Catholic Encyclopedia (1913)/Alonso de Ercilla y Zúñiga
Ercilla y Zúñiga, Alonso de, Spanish soldier and poet, b. in Madrid, August 7, 1533; d. in the same city, November 29, 1594. After his father's death, his mother became lady-in-waiting to the Infanta Maria and made young Alonso a page to Prince Philip. Ercilla received a very thorough education, for, besides having the most learned teachers, he enjoyed the advantages of very extensive travelling and of living at court where he came in contact with high personages. When he was only fifteen he accompanied Philip through Italy and Germany; and their travels lasted three years. Later, Ercilla accompanied his mother to Bohemia where he left her and then visited Austria, Hungary, and other countries. Returning to Spain, he soon started out again with Philip. In London he made the acquaintance of Jeronimo de Alderete (1555), whose stories of his thrilling adventures in the New World so fired Ercilla's imagination that he determined to accompany Alderete to the New World. He therefore obtained leave from Philip, and they set sail for America, October 15, 1555. Soon after their arrival, however, Alderete died (near Panama, April, 1556). Ercilla continued on his way to Peru, and in 1557 joined the forces of Garcia Hurtado de Mendoza, who had recently been appointed Governor of Chile. During the succeeding two or three years he played a brilliant part in combating an insurrection among the natives of Arauco, a province of Chile, suffering great hardships, and distinguishing himself several times in battle. After a severe illness he returned to Spain in 1562, and for a time resumed his travels through Europe. In 1570, he married Doña Maria de Bazàn, a woman of illustrious family and of intellectual attainments. He died at Madrid neglected and in great poverty.

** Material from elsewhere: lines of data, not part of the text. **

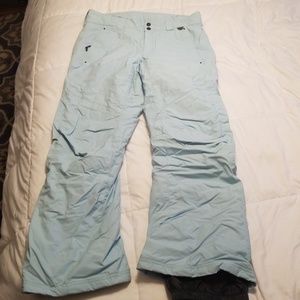 Columbia Womens Omnitech Ski Pants NWOT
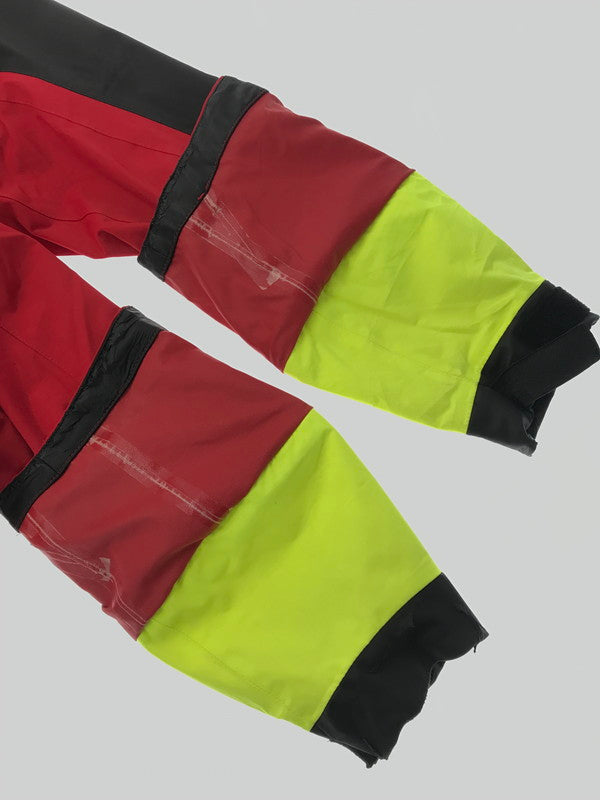 【現状渡し品】【メンズ】 HELLY HANSEN ヘリーハンセン SAILING YACHTING JACKET KMG27812I セーリング ヨット ジャケット アウター 144-260524-rt-19-tagh サイズ：XXL カラー：レッド 万代Net店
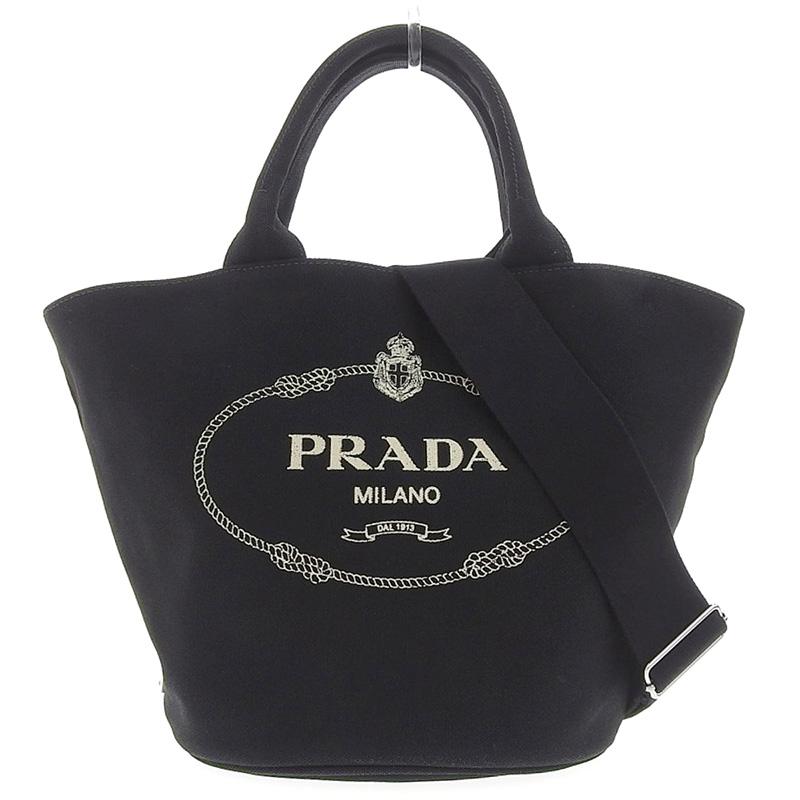 CANAPA プラダ PRADA カナパ 2WAYバッグ トートバッグ ハンドバッグ 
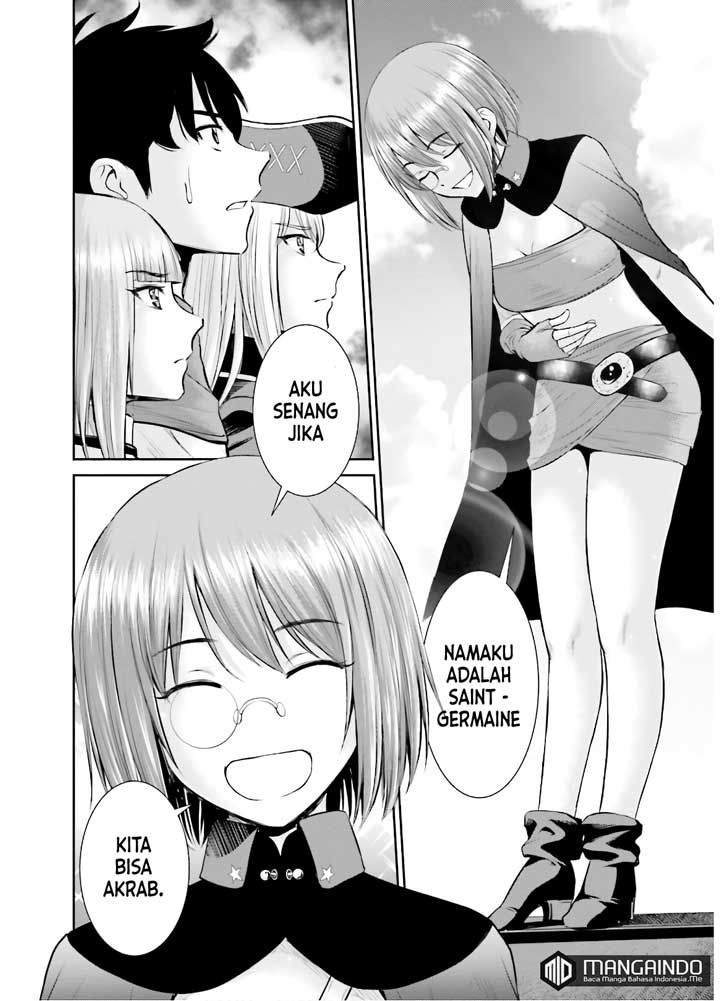 Toga na Skill de Musou suru Isekai Harem Kaitoudan Chapter 6 - halaman 35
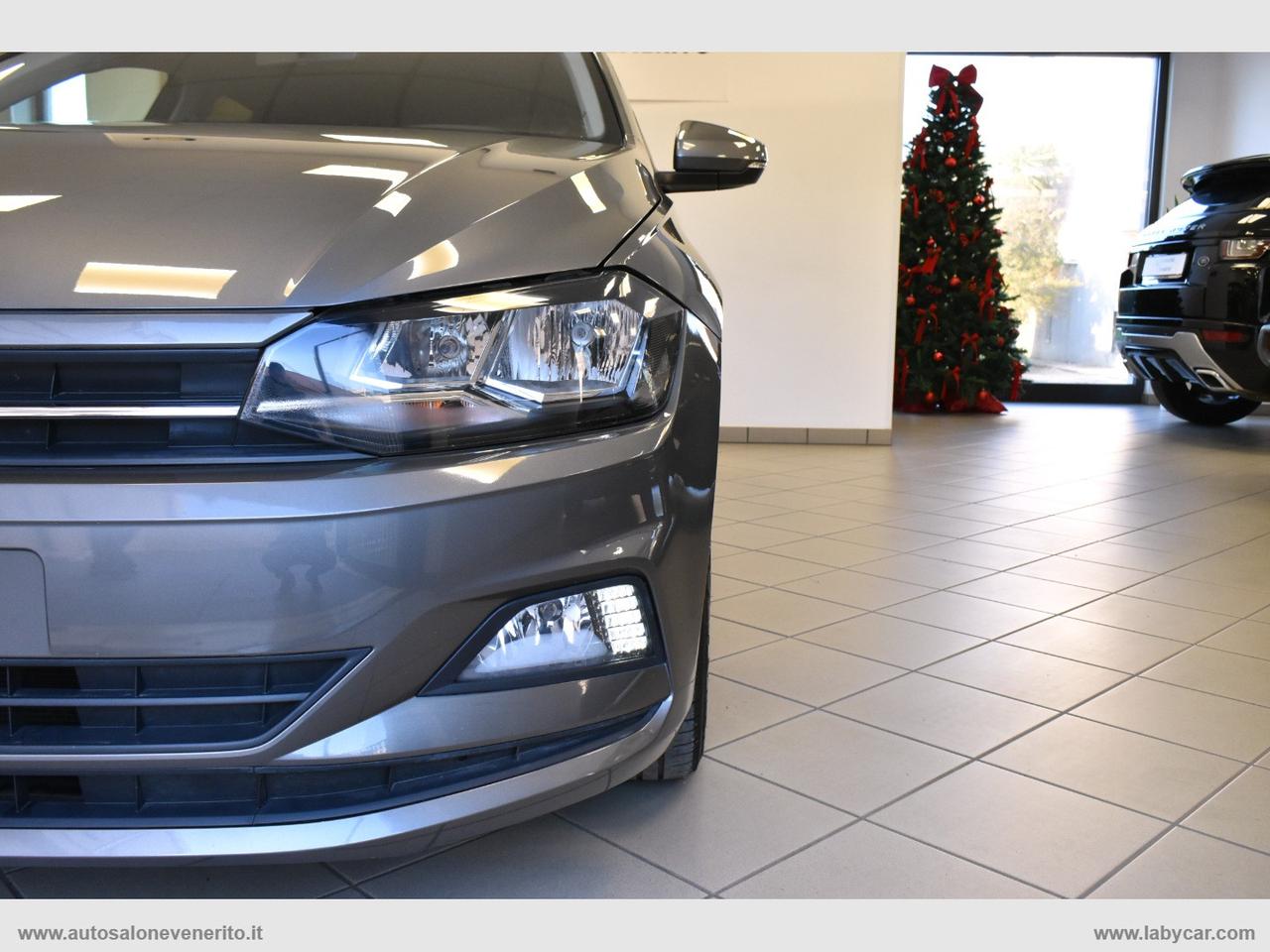 VOLKSWAGEN Polo Business 1.0 TSI 5p. Comfort. BMT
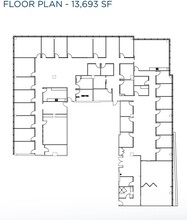 5060 Spectrum Way, Mississauga, ON à louer Plan d’étage– Image 1 sur 1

Ercilla's great work is "La Araucana", an epic poem of thirty-seven cantos, describing the difficulties encountered by the Spaniards during the insurrection in Arauco, and the heroic deeds of the natives as well as his companions. The epic partakes of the character of history, and the author adheres with such strict fidelity to the truth, that subsequent historians characterize his work as thoroughly trustworthy. In it the difficult art of story-telling is carried to perfection. Places are admirably described, dates are given with accuracy, and the customs of the natives faithfully set forth, giving to the narrative animation and coloring. The poem was published in three parts, the first appearing in 1569, the second in 1578, and the third in 1590. The best editions are those published by the Spanish Academy in 1776 and 1828.